- Required action:
Restate verbatim the span of lines below between the line with "Etui Folio Huawei" and the line with "Real Madrid CF vs Málaga CF Tickets", including those two lines, and only that span.

····················

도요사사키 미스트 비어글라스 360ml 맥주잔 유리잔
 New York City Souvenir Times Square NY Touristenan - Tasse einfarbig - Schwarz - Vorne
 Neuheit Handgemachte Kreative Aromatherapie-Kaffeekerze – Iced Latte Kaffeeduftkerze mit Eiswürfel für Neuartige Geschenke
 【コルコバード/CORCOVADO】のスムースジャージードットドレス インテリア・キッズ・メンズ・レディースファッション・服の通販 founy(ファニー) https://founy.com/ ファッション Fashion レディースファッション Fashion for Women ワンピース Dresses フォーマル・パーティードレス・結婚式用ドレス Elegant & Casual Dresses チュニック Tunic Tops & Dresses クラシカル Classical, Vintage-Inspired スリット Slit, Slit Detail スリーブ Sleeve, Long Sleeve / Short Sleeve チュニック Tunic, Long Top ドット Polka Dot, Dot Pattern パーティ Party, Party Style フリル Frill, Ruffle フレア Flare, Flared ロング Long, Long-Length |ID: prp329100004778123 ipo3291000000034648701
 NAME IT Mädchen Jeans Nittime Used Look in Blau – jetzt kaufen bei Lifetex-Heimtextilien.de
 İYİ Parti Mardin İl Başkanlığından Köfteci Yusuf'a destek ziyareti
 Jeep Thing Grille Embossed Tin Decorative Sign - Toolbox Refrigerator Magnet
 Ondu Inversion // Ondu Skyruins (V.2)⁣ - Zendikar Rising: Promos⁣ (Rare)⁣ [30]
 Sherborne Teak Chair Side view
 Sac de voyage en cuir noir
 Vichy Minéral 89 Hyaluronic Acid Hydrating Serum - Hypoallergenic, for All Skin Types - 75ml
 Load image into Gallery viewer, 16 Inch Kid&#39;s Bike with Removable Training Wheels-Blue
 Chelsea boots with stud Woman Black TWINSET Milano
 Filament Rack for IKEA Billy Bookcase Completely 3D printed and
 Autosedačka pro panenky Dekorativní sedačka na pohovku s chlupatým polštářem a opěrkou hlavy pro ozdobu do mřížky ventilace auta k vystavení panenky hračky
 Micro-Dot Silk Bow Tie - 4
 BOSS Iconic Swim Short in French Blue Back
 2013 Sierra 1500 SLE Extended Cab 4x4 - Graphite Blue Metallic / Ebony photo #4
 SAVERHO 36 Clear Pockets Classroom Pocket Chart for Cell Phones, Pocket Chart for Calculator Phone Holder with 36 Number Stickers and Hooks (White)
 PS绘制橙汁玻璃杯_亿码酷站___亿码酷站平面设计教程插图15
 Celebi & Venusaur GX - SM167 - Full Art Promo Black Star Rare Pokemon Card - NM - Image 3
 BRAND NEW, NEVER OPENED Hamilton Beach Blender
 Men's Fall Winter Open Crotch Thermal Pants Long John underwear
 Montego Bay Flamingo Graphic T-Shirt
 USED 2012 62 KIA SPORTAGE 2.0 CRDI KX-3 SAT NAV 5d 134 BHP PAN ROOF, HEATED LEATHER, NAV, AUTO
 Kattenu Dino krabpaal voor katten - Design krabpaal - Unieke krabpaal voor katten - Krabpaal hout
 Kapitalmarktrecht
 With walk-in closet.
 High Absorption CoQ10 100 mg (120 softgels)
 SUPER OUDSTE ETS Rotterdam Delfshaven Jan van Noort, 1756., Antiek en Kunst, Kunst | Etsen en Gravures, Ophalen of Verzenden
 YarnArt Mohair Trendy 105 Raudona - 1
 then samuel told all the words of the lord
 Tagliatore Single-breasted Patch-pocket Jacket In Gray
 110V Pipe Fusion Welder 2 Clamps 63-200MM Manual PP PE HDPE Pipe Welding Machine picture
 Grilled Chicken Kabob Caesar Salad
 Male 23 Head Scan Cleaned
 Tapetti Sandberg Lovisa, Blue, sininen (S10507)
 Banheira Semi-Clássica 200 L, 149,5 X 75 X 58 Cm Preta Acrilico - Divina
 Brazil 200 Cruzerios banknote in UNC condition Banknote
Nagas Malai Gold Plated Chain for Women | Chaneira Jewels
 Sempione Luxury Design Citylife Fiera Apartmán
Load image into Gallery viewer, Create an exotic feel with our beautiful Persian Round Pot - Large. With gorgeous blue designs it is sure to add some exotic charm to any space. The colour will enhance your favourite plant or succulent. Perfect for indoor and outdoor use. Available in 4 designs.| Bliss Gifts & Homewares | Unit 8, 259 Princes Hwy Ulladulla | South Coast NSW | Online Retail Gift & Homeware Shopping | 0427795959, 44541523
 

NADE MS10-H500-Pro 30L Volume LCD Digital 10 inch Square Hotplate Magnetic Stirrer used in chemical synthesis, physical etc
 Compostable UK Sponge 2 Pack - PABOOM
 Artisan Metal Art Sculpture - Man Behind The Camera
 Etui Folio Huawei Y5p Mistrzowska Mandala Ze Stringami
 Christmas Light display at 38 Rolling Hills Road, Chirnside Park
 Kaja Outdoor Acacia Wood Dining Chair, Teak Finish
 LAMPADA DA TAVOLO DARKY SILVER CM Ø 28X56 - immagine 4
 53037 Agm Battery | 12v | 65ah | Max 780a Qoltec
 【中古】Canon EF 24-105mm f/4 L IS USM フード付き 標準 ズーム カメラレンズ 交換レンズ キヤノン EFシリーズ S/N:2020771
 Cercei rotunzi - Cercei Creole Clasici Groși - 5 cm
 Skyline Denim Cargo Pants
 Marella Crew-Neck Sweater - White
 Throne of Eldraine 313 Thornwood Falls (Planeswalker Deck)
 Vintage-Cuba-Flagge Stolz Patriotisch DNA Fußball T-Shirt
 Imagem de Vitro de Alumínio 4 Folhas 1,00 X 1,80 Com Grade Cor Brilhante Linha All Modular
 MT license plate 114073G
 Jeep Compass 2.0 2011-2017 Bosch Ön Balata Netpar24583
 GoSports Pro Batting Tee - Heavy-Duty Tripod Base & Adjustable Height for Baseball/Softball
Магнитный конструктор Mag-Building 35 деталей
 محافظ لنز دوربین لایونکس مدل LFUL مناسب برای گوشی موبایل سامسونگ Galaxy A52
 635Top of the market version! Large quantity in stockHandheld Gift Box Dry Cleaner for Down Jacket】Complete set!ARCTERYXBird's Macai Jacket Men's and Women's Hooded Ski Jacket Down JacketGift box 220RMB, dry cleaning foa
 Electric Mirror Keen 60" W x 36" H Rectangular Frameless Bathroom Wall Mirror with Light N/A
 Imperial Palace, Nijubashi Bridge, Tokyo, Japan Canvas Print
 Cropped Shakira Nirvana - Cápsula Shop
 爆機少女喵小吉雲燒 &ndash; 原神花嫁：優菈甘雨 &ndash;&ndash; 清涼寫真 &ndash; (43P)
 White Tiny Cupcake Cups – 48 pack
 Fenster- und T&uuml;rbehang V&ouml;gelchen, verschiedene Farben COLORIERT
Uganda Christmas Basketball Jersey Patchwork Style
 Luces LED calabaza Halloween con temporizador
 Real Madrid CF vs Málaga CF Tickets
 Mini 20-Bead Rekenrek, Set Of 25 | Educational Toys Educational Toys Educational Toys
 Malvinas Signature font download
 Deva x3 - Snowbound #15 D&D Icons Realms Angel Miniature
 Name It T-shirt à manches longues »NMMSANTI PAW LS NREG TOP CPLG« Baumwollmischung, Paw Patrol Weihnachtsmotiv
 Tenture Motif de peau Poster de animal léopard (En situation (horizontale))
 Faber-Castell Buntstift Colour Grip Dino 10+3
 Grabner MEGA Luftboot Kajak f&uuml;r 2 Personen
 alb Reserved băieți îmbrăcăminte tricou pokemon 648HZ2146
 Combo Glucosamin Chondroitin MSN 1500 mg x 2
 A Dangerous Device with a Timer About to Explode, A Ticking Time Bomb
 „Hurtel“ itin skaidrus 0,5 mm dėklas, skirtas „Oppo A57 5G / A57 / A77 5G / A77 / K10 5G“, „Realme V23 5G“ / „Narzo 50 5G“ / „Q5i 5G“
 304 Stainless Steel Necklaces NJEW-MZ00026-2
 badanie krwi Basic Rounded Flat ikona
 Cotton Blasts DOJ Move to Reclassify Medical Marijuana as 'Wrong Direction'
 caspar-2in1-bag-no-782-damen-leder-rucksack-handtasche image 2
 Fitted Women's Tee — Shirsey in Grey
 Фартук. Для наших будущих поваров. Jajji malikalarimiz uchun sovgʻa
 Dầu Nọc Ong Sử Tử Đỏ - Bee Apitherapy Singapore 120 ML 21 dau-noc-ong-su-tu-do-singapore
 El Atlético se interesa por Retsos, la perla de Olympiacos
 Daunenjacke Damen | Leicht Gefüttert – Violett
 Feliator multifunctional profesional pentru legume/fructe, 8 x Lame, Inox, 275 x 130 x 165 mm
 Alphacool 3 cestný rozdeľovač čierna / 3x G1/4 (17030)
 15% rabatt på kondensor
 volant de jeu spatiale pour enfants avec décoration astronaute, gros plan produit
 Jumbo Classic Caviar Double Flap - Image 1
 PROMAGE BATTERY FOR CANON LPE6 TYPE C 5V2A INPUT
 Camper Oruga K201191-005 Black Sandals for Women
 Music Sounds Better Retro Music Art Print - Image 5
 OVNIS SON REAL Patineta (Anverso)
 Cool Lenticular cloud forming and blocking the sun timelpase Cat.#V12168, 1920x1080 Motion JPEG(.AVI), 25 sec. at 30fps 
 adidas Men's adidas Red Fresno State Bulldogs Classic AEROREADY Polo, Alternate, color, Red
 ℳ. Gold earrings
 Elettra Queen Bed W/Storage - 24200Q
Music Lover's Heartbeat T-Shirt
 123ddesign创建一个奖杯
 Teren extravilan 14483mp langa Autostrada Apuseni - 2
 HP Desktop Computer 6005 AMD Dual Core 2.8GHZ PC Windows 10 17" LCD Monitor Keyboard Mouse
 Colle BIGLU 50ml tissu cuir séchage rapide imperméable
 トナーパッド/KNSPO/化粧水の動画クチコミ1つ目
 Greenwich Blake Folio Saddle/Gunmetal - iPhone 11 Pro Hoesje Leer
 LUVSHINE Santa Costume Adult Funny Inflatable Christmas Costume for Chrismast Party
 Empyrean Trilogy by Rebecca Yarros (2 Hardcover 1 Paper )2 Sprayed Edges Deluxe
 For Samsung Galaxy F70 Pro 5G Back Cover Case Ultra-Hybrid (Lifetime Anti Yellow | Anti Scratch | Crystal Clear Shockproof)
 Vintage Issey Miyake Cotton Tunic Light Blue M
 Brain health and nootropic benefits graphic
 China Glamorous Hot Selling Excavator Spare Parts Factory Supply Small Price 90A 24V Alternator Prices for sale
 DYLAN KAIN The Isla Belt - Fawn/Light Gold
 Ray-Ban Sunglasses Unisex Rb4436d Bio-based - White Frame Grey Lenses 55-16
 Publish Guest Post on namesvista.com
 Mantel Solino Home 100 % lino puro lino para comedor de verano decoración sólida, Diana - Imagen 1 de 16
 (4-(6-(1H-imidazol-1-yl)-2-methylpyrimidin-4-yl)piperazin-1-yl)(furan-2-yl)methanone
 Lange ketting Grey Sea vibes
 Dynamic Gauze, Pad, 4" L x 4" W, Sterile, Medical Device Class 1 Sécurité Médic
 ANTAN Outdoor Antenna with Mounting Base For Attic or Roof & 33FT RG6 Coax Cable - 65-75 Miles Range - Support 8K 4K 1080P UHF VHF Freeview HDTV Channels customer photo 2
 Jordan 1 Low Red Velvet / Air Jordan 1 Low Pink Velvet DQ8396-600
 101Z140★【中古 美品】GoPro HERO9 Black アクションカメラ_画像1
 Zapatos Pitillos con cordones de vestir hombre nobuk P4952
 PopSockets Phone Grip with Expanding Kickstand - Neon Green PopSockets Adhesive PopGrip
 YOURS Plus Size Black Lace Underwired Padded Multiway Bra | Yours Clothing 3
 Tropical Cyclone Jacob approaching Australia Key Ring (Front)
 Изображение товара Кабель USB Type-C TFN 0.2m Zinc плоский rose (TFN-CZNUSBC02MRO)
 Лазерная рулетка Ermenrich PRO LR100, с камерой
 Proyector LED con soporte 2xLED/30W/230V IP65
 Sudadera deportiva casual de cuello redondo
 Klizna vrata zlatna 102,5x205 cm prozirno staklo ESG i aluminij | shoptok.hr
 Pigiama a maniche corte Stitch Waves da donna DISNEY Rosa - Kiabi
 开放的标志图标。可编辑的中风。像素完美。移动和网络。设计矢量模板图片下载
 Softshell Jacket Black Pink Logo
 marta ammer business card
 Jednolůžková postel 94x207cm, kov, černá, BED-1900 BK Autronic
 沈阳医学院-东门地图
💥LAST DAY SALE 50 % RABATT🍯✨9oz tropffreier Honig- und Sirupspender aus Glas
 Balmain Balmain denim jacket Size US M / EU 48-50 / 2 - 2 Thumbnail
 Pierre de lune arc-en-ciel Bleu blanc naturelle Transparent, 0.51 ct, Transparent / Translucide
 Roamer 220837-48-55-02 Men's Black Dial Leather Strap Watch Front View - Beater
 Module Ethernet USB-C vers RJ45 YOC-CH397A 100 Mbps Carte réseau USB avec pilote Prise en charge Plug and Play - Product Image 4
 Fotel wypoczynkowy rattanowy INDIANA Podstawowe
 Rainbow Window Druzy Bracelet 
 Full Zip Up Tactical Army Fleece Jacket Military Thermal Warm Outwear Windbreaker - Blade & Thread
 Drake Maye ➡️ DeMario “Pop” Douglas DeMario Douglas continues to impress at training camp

····················

- Expected answer:
 Etui Folio Huawei Y5p Mistrzowska Mandala Ze Stringami
 Christmas Light display at 38 Rolling Hills Road, Chirnside Park
 Kaja Outdoor Acacia Wood Dining Chair, Teak Finish
 LAMPADA DA TAVOLO DARKY SILVER CM Ø 28X56 - immagine 4
 53037 Agm Battery | 12v | 65ah | Max 780a Qoltec
 【中古】Canon EF 24-105mm f/4 L IS USM フード付き 標準 ズーム カメラレンズ 交換レンズ キヤノン EFシリーズ S/N:2020771
 Cercei rotunzi - Cercei Creole Clasici Groși - 5 cm
 Skyline Denim Cargo Pants
 Marella Crew-Neck Sweater - White
 Throne of Eldraine 313 Thornwood Falls (Planeswalker Deck)
 Vintage-Cuba-Flagge Stolz Patriotisch DNA Fußball T-Shirt
 Imagem de Vitro de Alumínio 4 Folhas 1,00 X 1,80 Com Grade Cor Brilhante Linha All Modular
 MT license plate 114073G
 Jeep Compass 2.0 2011-2017 Bosch Ön Balata Netpar24583
 GoSports Pro Batting Tee - Heavy-Duty Tripod Base & Adjustable Height for Baseball/Softball
Магнитный конструктор Mag-Building 35 деталей
 محافظ لنز دوربین لایونکس مدل LFUL مناسب برای گوشی موبایل سامسونگ Galaxy A52
 635Top of the market version! Large quantity in stockHandheld Gift Box Dry Cleaner for Down Jacket】Complete set!ARCTERYXBird's Macai Jacket Men's and Women's Hooded Ski Jacket Down JacketGift box 220RMB, dry cleaning foa
 Electric Mirror Keen 60" W x 36" H Rectangular Frameless Bathroom Wall Mirror with Light N/A
 Imperial Palace, Nijubashi Bridge, Tokyo, Japan Canvas Print
 Cropped Shakira Nirvana - Cápsula Shop
 爆機少女喵小吉雲燒 &ndash; 原神花嫁：優菈甘雨 &ndash;&ndash; 清涼寫真 &ndash; (43P)
 White Tiny Cupcake Cups – 48 pack
 Fenster- und T&uuml;rbehang V&ouml;gelchen, verschiedene Farben COLORIERT
Uganda Christmas Basketball Jersey Patchwork Style
 Luces LED calabaza Halloween con temporizador
 Real Madrid CF vs Málaga CF Tickets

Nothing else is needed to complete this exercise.